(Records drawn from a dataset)

──────────

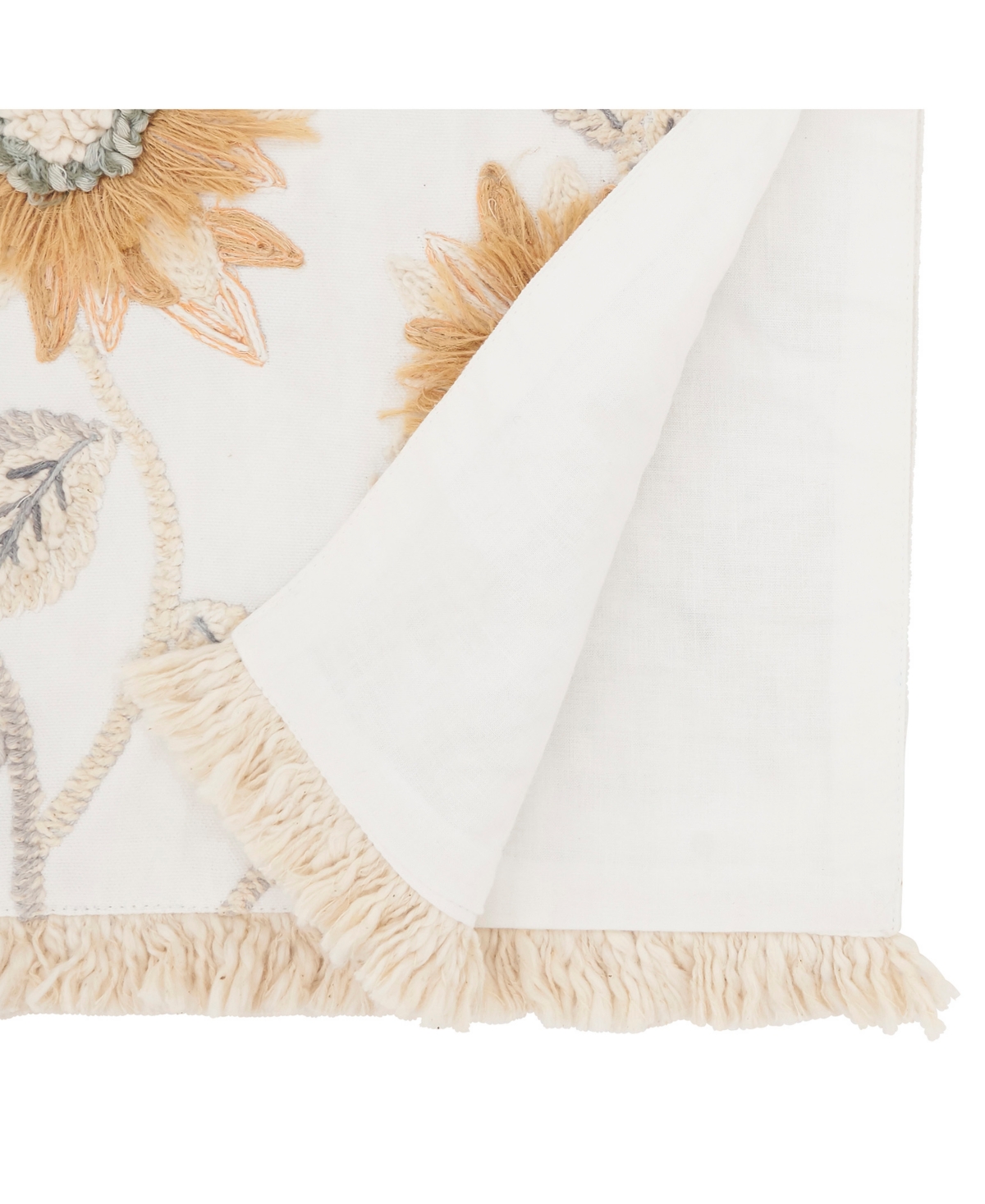 Saro Lifestyle Enchanting Sunflower Embroidered Table Runner, 16"x72" In Ivory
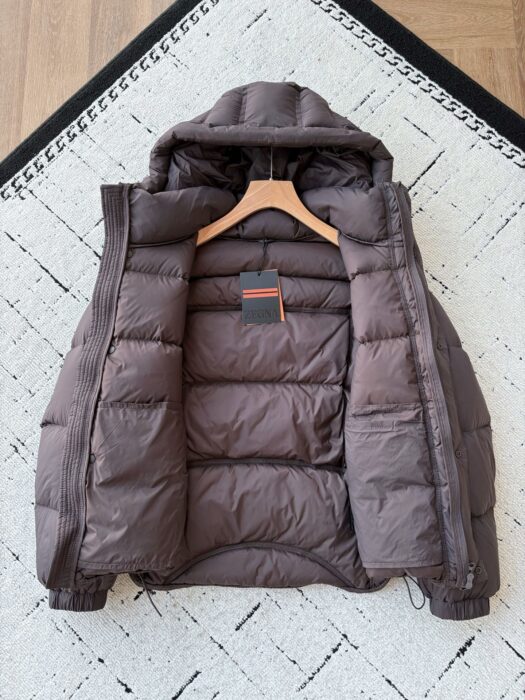 제냐 ZEGNA 미니 모노그램 단색 후드 패딩 와인 레플리카 미러급 SA급 S급 고퀄리티 하이엔드 최상급 의류 [남성] 8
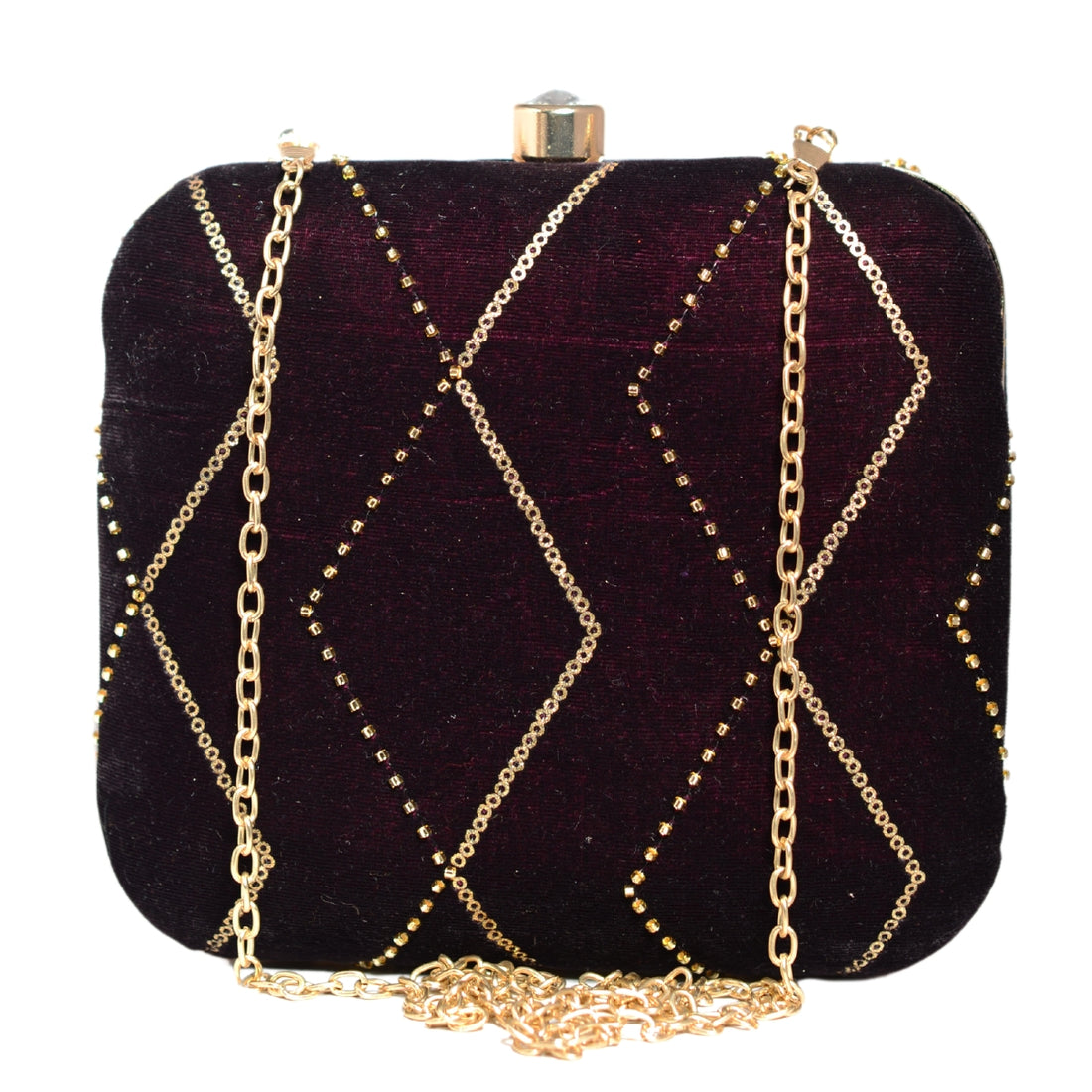 Wine And Golden Embroidery Party Clutch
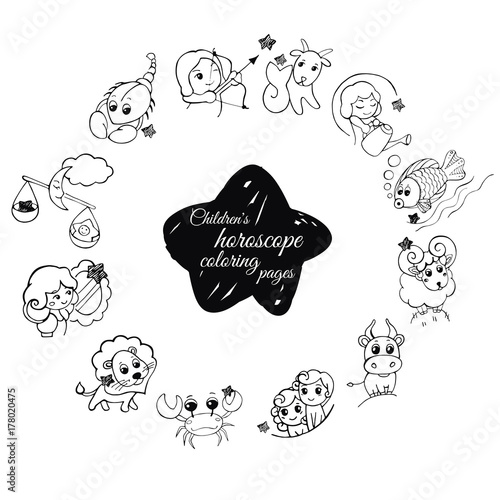Children s horoscope coloring pages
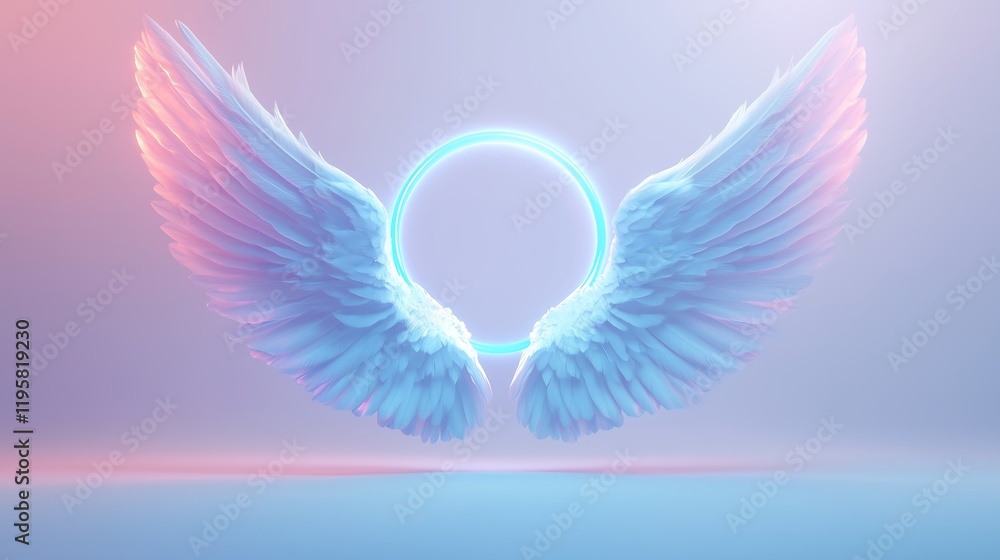 Fototapeta premium Celestial White Angel Wings with Halo in Ethereal Blue Sky, 神秘的な青い空に浮かぶ白い天使の翼と光輪.Generative AI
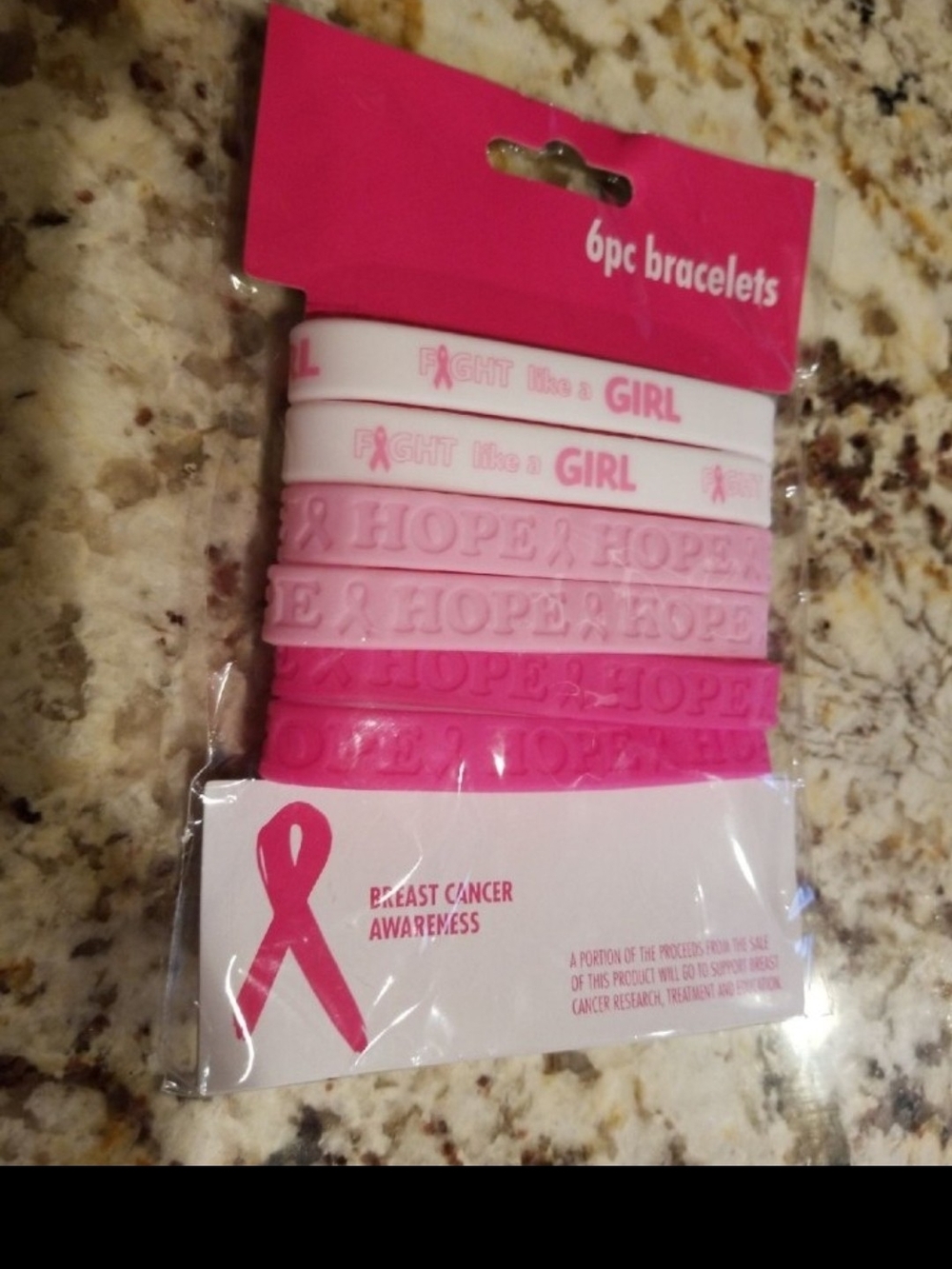 Breast Cancer Awareness Silicone Bracelet Set - Pink (6 Pack)
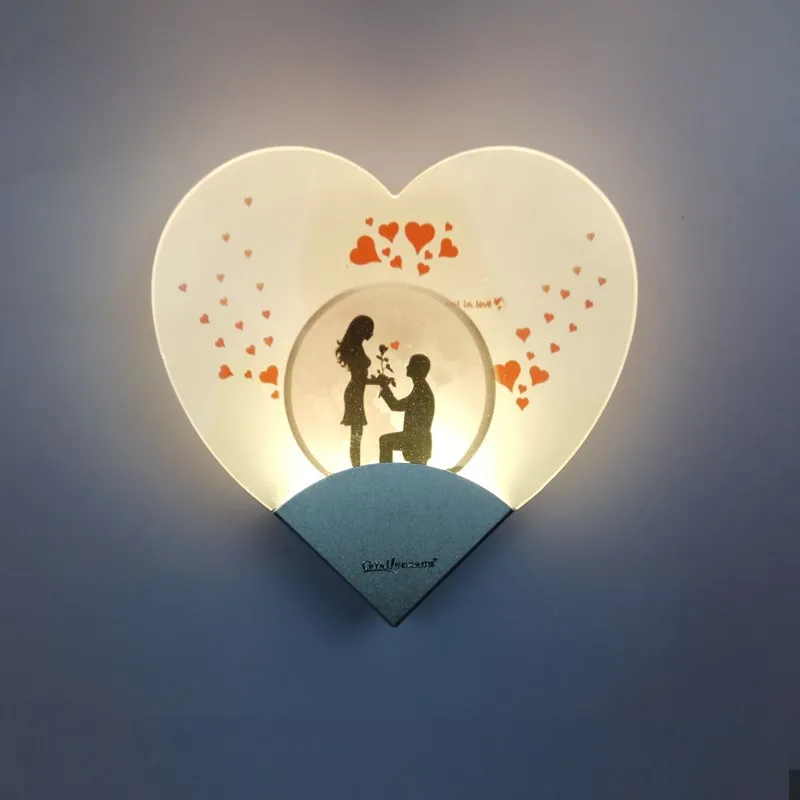 modern minimalist Wall lamp bedside bedroom aisle living room led warm creative acrylic heart-shape indoor wall lights | Освещение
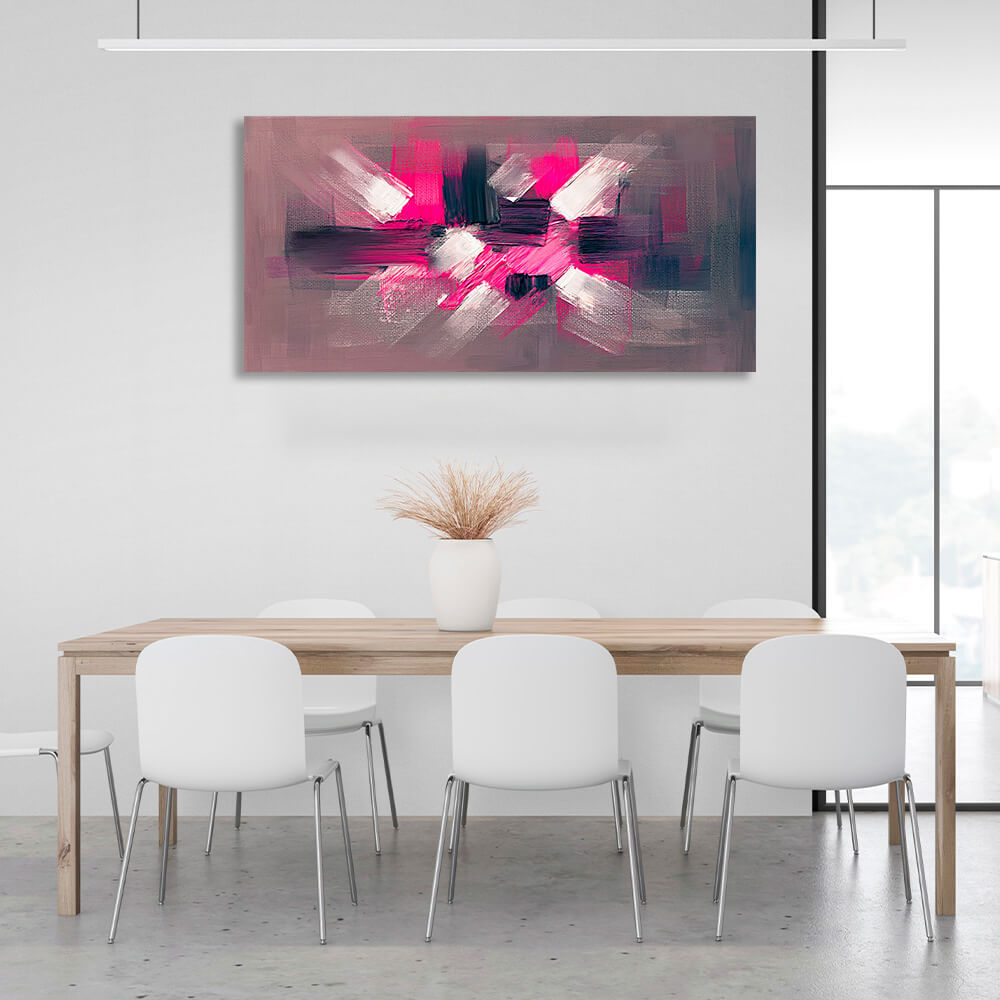 Dark abstract reduced to center white and bright pink colors Abstraction Canvas Wall Art Print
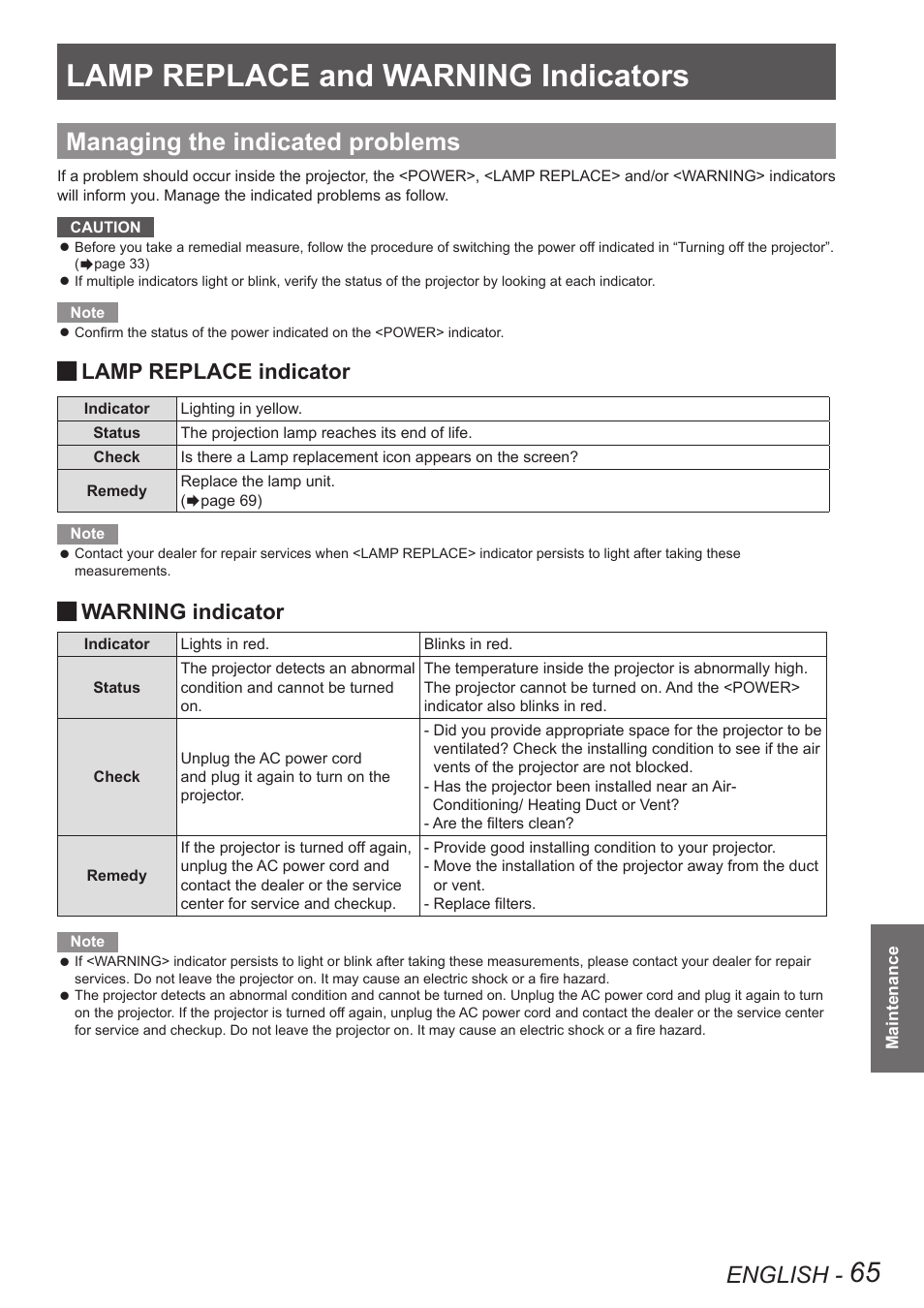 Maintenance, Lamp replace and warning indicators, Managing the indicated problems | Lamp replace and warning, Indicators, English, Lamp replace indicator, Warning indicator | Panasonic PT VX400NTU User Manual | Page 65 / 86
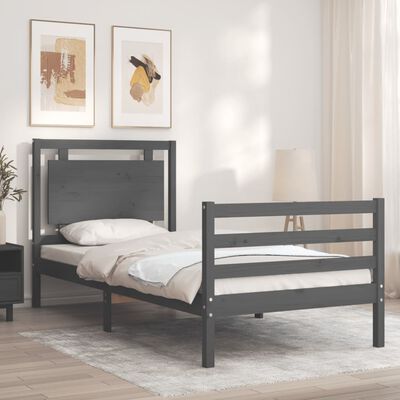 vidaXL Estrutura de cama com cabeceira 90x200 cm madeira maciça cinza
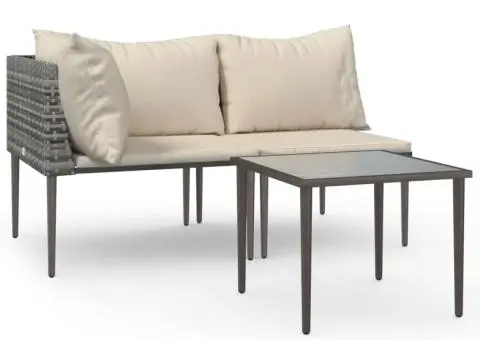 Set mobilier de grădină cu perne, 3 piese, gri, poliratan - 2/5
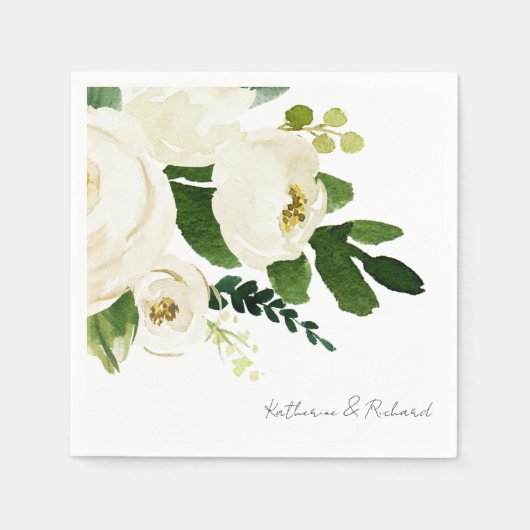 Personalisierter Cocktail im eleganten White Rose  Serviette (Vorderseite)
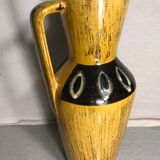 Former vase Scheurich europ linie ceramics beige - black - anse germany vintage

──────────

**Exercise brief**
Reproduce the records exactly, images excluded.

**Task result**
 Saro Lifestyle Enchanting Sunflower Embroidered Table Runner, 16"x72" In Ivory
 제냐 ZEGNA 미니 모노그램 단색 후드 패딩 와인 레플리카 미러급 SA급 S급 고퀄리티 하이엔드 최상급 의류 [남성] 8
 Wine And Golden Embroidery Party Clutch
Children s horoscope coloring pages
 Fototapeta premium Celestial White Angel Wings with Halo in Ethereal Blue Sky, 神秘的な青い空に浮かぶ白い天使の翼と光輪.Generative AI
 Breast Cancer Awareness Silicone Bracelet Set - Pink (6 Pack)
 modern minimalist Wall lamp bedside bedroom aisle living room led warm creative acrylic heart-shape indoor wall lights | Освещение
 Dark abstract reduced to center white and bright pink colors Abstraction Canvas Wall Art Print
 Maintenance, Lamp replace and warning indicators, Managing the indicated problems | Lamp replace and warning, Indicators, English, Lamp replace indicator, Warning indicator | Panasonic PT VX400NTU User Manual | Page 65 / 86
 vidaXL Estrutura de cama com cabeceira 90x200 cm madeira maciça cinza
 Set mobilier de grădină cu perne, 3 piese, gri, poliratan - 2/5
 Personalisierter Cocktail im eleganten White Rose  Serviette (Vorderseite)
 Former vase Scheurich europ linie ceramics beige - black - anse germany vintage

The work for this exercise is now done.